The Ethics of Social Media

Canadian blogger Dave Fleet just asked a good group of questions on Twitter. He asks,
"Where's the line between PR pros participating in social media and PR pros exploiting it? Who draws that line?"

This just a week after SAP's Mike Prosceno, asked me to include issues of governance and ethics when we start up the SAP Global Survey in December.

This just three and two days after companies have called me asking for help starting "blog outreach campaigns," which seem to me very much like taking messages and targeting them through social media into people's foreheads.

I think it was Shaw who wrote "ethics is what you do when no one is looking." They didn't have social media back then. I think it was Scoble who first said you should use blogging to "tell don't sell."

Let's not be naive.  Businesses are stating to use social media so they can sell more products and services.  This is a good thing. Social media allows them to disintermediate a lot of crap shoveling so that those that provide the goods and services can get closer to their customers and the customers can get closer to them.

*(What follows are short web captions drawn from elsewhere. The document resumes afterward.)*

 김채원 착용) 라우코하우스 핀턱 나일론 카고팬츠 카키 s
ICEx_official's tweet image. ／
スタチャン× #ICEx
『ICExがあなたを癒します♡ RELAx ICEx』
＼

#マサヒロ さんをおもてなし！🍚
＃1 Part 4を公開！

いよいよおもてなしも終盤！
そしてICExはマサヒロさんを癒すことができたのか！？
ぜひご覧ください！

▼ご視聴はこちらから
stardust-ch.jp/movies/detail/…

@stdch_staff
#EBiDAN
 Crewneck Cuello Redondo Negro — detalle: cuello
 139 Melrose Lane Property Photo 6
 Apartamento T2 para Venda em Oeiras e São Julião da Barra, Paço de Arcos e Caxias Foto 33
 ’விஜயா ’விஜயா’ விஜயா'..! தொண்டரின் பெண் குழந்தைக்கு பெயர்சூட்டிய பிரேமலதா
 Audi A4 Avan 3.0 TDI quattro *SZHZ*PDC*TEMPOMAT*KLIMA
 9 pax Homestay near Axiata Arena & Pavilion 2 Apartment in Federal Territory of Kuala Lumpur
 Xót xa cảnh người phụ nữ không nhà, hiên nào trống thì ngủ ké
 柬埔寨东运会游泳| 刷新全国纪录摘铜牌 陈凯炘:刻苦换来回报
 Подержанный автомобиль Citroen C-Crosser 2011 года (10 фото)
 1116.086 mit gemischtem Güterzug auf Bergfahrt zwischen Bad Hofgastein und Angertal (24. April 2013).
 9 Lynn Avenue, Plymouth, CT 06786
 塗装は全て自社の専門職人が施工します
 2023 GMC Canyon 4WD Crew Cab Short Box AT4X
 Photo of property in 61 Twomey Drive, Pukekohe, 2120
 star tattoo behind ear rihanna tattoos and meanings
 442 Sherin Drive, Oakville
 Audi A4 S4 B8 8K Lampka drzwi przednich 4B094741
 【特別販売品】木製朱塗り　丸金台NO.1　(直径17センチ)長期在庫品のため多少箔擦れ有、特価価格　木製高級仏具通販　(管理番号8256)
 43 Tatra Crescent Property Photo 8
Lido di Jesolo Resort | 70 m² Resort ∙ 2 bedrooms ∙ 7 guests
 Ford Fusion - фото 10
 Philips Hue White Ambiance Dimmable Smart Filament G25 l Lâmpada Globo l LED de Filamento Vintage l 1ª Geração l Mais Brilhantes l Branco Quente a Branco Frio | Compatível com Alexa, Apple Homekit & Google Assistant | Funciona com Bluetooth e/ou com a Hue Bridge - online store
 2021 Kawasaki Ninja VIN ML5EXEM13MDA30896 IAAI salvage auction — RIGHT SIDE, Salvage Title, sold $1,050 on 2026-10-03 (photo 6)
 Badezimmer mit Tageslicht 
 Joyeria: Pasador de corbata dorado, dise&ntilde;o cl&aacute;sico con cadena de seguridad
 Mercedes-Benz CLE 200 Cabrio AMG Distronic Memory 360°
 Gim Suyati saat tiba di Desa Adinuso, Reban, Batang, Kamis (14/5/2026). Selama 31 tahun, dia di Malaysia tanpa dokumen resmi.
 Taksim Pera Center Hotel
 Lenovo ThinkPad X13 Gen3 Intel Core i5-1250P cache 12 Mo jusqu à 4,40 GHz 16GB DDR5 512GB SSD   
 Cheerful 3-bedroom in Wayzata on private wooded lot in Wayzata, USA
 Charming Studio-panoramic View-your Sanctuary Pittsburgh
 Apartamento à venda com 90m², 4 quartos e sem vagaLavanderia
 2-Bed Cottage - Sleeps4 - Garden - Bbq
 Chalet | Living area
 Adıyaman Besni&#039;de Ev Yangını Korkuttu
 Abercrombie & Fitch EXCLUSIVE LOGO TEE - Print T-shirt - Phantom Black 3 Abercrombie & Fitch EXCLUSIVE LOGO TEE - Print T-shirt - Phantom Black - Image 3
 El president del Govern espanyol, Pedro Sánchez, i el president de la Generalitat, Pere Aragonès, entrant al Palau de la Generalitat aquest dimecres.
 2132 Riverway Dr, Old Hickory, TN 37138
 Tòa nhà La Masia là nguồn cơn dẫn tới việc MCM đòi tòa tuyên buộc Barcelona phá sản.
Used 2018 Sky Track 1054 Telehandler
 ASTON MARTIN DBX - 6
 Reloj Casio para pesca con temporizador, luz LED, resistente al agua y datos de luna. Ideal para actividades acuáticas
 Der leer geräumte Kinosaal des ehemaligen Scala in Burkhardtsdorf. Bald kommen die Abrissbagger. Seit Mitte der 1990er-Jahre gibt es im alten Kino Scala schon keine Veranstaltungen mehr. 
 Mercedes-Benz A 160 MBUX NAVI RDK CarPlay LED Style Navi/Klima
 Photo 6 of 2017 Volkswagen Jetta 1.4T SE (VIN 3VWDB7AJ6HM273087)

But, now those have done a lot of shoveling in the past are scrambling to get into the game.  They ar welcome to it, so long as they leave their entrenching tools behind. To me the number one ethical issue is that companies come to social media willing to have conversations rather than deliver messages.

Blogging has flourished rapidly because for the most part it is a transparent and ethical channel. It seems to me that there are increased efforts to game the channel.  ome companies are trying to look like they are trying to have a conversation when in fact they just want to deliver the same old messages through a new channel.

So far, this has proven to be a lame effort. If it starts to succeed then there is a very real danger that the new social media will become is laden with crap as the old PR channel  is today.

Shaw lived in simpler times.  Today everyone is watching corporate ethics.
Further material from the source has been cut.